Numbers and Destinations
James Gregory calculates decade-by-decade migration volumes in his book, The Southern Diaspora. Black migration picked up right from the start of the new century, with 204,000 leaving in the first decade. The pace accelerated with the outbreak of World War I and continued through the 1920s. By 1930, there were 1.3 million former southerners living in other regions.
The Great Depression wiped out job opportunities in the northern industrial belt, especially for African Americans, and caused a sharp reduction in migration, but a second and larger Great Migration began as defense industries geared up for World War II. 1.4 million black southerners moved north or west in the 1940s followed by 1.1 million in the 1950s and another 2.4 million others in the 1960s and 1970s.

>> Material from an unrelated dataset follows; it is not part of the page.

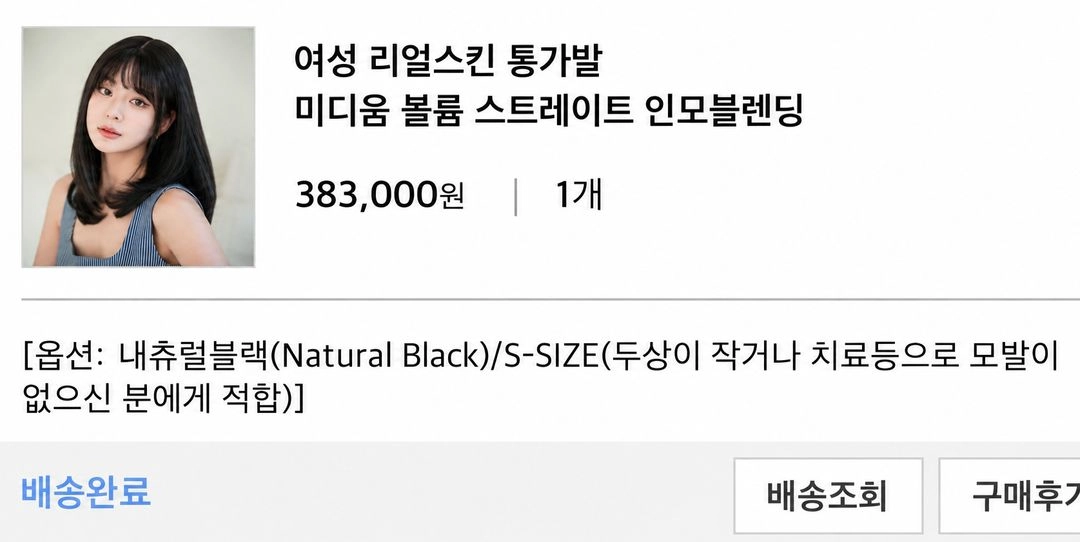 가발나라 C컬 긴머리 인모혼합 통가발 / 핑크에이지, 박승철, 하이모, 항암가발 이미지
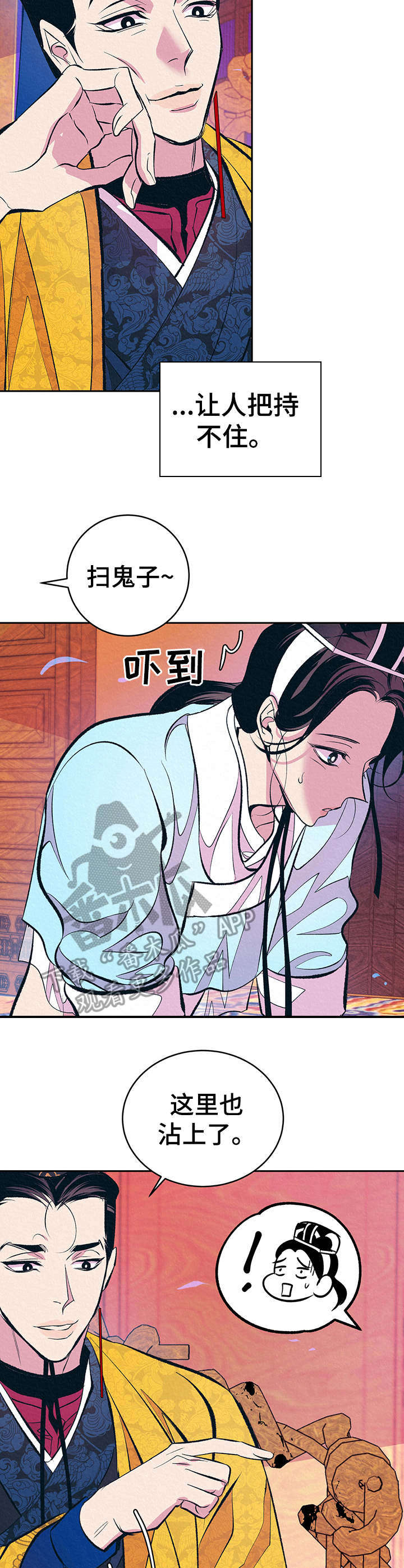 第7章：无法把持8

By the late 1970s, as deindustrialization and the rust belt crisis took hold, the Great Migration came to end. In the 1980s and 1990s more Black Americans were heading South than leaving that region.

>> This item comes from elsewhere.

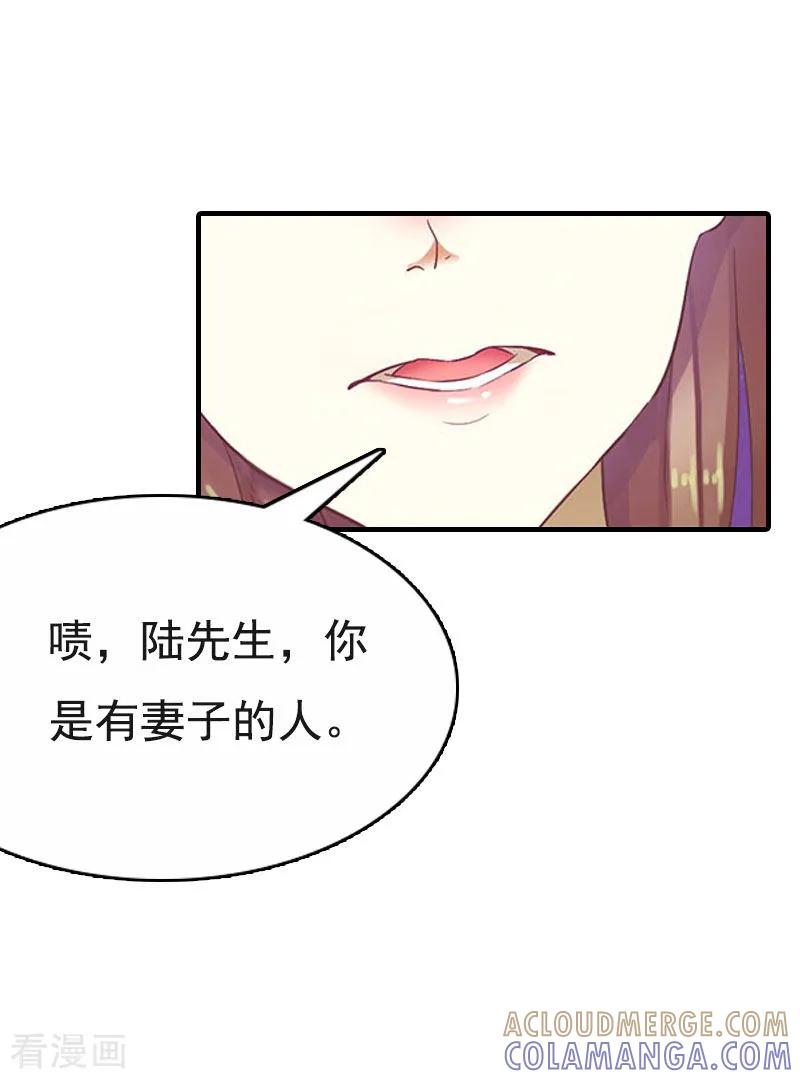 《总裁爱妻想逃跑》第3话 两难 第19页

Big cities were the principal destinations of southerners throughout the two phases of the Great Migration. In the first phase eight major cities attracted two-thirds of the migrants: New York and Chicago followed in order by Philadelphia, St. Louis, Detroit, Pittsburgh, Cleveland, and Indianapolis. The Second Great Migration increased the populations of these cities while adding others. West Coast cities (Los Angeles, San Francisco, Oakland, Seattle, Portland) now attracted African Americans in large numbers.